IRC § 593 allows a deduction for bad debt reserves for “any domestic building and loan association” that meets the requirements of § 7701(a)(19). 4 26 U.S.C. § 593. Section 7701 provides definitions, including in sub-part (a)(19), the following definition of “domestic building and loan association” (“DBLA”), that sets forth three tests:
(a) When used in this title, where not otherwise distinctly expressed or manifestly incompatible with the intent thereof—
(19) Domestic building and loan association.—The term “domestic building and loan association” means a domestic building and loan association, a domestic savings and loan association, and a Federal savings and loan association—
(A) which either (i) is an insured institution within the meaning of section 401(a) of the National Housing Act ... or (ii) is subject by law to supervision and examination by State or Federal authority having supervision over such associations;
(B) the business of which consists principally of acquiring the savings of the public and investing in loans; and
(C) at least 60 percent of the amount of the total assets of which (at the close of the taxable year) consists of—[various elements]
26 U.S.C. § 7701(a)(19).
Barnett argues that the Tax Court erred in finding that the tax benefits accruing to “building and loan associations” are limited *209 to financial institutions with that particular label. Instead, Barnett contends that financial institutions that 1) substantively perform the functions of DBLA’s, and 2) qualify under the § 7701(a)(19) tests, are eligible for tax treatment under § 593, regardless of whether they are chartered as DBLA’s. We disagree.
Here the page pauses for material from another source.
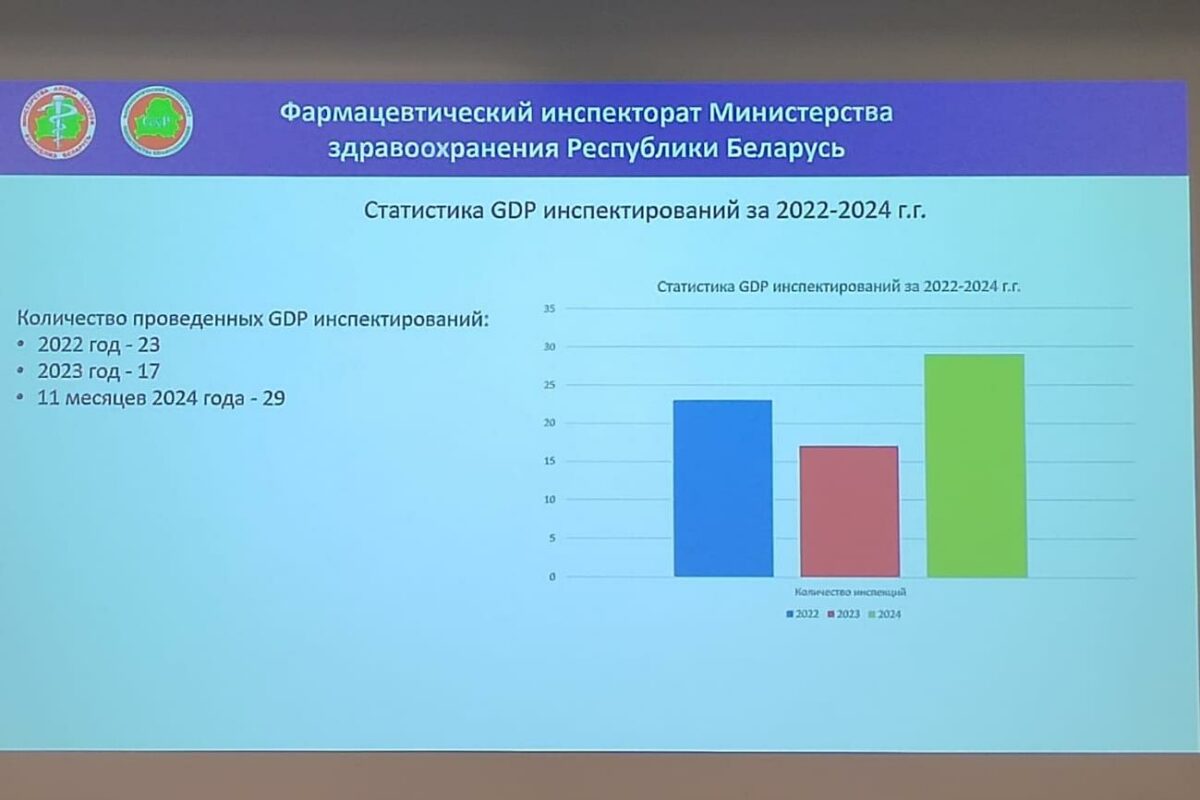 статистические данные по количеству проведенных GMP и GDP инспекций Минздрава РБ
A plain reading of § 7701(a)(19) indicates that an institution must be either a “a domestic building and loan association, a domestic savings and loan association, [or] a Federal savings and loan association” (and also must meet the three tests) to qualify as a DBLA for purposes of the code. Section 7701(a)(4)’s definition of “domestic” requires organization under state or federal law. 26 U.S.C. § 7701(a)(4) (defining “domestic” as “created or organized in the United States or under the law of the United States or of any State”). Therefore, “domestic building and loan association” or “domestic savings and loan association” must mean a building (or savings) and loan association organized as such under the law of the state of Florida (in this case) or the United States. An association that performs similar or even identical functions to a DBLA, but that is not organized under state or federal law as one of the statutorily delineated associations, cannot qualify under the plain meaning of the statute. We note that in a 1990 Revenue Ruling directly on point, the IRS concluded that an institution chartered as a bank could not qualify as a DBLA under § 7701. Rev. Rui. 90-54, 1990-2 C.B. 270, 1990 WL 675399. Rejecting a functional test, the Service explained that the introductory language of subpart (a)(19) set forth a threshold requirement:
“[an institution must] be one of the three types listed ... It is ... not enough that substantially all of the business of the association is confined to making loans to members. It must still be a domestic building and loan association, a domestic savings and loan association, or a Federal savings and loan association [to qualify as a DBLA].”
Id. (internal quotations and citations omitted).